# Simulating random variables
Statistics <br>
Department of Applied Mathematics

**WHAT** You will learn how to
* simulate discrete random variables;
* simulate continuous random variables;
* transform random variables.

For the simulations, the Python command `uniform.rvs()` is crucial. It generates independent draws from an uniform distribution on [0,1]. You will learn methods that allow you to simulate any discrete or continuous random variable starting from the uniform distribution. <br>

**WHY** Python and arguably any other available software has functions to simulate standard discrete and continuous distributions (i.e., normal, exponential, etc.). However, since the role of this assignment is to increase your understanding of the simulation process _itself_, we will not use these functions now. 
In practice, also non-standard distributions occur. Learning how to simulate distributions starting from a uniform random variable has the added benefit that you learn how to simulate these non-standard random variables. <br>

**HOW** Follow the exercises in this notebook either on your own or with a friend. Talk to other students or ask for additional support from the TA's at the assigned lab session. The answers to these exercises will not be provided.

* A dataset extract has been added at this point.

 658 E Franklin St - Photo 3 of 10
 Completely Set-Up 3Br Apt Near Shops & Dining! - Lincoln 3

**OPTIONAL EXTENSION** If you are wondering why we start with uniform random variables: these are the variables that are easy to generate using quasi-random algorithms.

* * *

Before we start with coding, run the following box, which loads some standard Python libraries. Note that just as last time, we work with numpy arrays. This time, we also work with the Scientific Python libraries SciPy.

In [67]:
import numpy as np
import pandas as pd
import math
import matplotlib.pyplot as plt

from scipy.stats import uniform 

## Simulating discrete distributions

Suppose we want to simulate the outcome of the throw of a die. Consider $X$ to be a discrete random variable whose values are the outcomes of the throw of a die. 

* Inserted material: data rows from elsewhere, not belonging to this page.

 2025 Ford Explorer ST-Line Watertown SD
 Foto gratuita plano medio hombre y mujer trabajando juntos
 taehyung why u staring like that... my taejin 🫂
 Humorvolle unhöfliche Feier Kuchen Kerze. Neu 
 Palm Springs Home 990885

Starting from a uniform random variable on $[0,1]$, one could multiply by six and round up. To round up numbers you can use the command `np.ceil()`. See https://docs.scipy.org/doc/numpy/reference/generated/numpy.ceil.html.
Carry out this procedure below. Run the cell a couple of times to see that your outcome is truly random.

In [52]:
uniform_variable = uniform.rvs()

# display(uniform_variable)
# transform uniform_random_variable into the outcome of a die throw

# complete: 
die_outcome = math.ceil(uniform_variable*6)



display(die_outcome)

3

Clearly, we do not want to keep running the same cell over and over to generate die throws. We want to write a _function_ that returns an arbitrary amount of die throws. Below you find a template that you can complete. 

In [75]:
def die_throw_rvs(sample_size = 1):
    """
    function returns 'sample_size' number of random variables that simulate die-throws. 
    In other words, the values {1,2,3,4,5,6} are taken with probability 1/6
    """

    random_variables = np.zeros(sample_size)
    uniform_variables = uniform.rvs(size = sample_size)
    
    random_variables = list(map(lambda _, r: math.ceil(6*r), random_variables, uniform_variables))
    return np.array(random_variables)

# show for example the outcome of 10 die throws:
display(die_throw_rvs(sample_size=10))

# check the mean of 2k throws
_throws = die_throw_rvs(sample_size=2000)
print(np.mean(_throws)) 

array([4, 4, 1, 6, 2, 2, 5, 2, 2, 3])

3.4805


Check that the average of 2000 throws lies close to the expectation of $X$. For this you can use the command `np.mean()`.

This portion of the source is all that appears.